- **TASK OBJECTIVE**:
Find the line with "Let's Go Brandon" and the line with "SALE🎉 1pc Bag" in the entries below; output exactly those two lines, every line between them, and no others.

============

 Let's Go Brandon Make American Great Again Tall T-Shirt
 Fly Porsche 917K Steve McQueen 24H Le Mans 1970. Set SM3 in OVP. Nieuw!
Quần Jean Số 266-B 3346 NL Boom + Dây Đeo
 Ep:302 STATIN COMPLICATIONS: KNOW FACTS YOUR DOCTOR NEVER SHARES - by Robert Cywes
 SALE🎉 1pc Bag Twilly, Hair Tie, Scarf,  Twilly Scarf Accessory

============

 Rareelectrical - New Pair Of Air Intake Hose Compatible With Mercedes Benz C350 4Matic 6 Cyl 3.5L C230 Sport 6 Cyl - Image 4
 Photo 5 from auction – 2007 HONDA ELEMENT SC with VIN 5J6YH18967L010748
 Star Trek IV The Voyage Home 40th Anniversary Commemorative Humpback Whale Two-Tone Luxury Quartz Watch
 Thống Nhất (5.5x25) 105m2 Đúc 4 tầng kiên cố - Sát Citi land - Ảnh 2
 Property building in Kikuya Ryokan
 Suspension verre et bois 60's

============

- **SOLUTION**:
 Let's Go Brandon Make American Great Again Tall T-Shirt
 Fly Porsche 917K Steve McQueen 24H Le Mans 1970. Set SM3 in OVP. Nieuw!
Quần Jean Số 266-B 3346 NL Boom + Dây Đeo
 Ep:302 STATIN COMPLICATIONS: KNOW FACTS YOUR DOCTOR NEVER SHARES - by Robert Cywes
 SALE🎉 1pc Bag Twilly, Hair Tie, Scarf,  Twilly Scarf Accessory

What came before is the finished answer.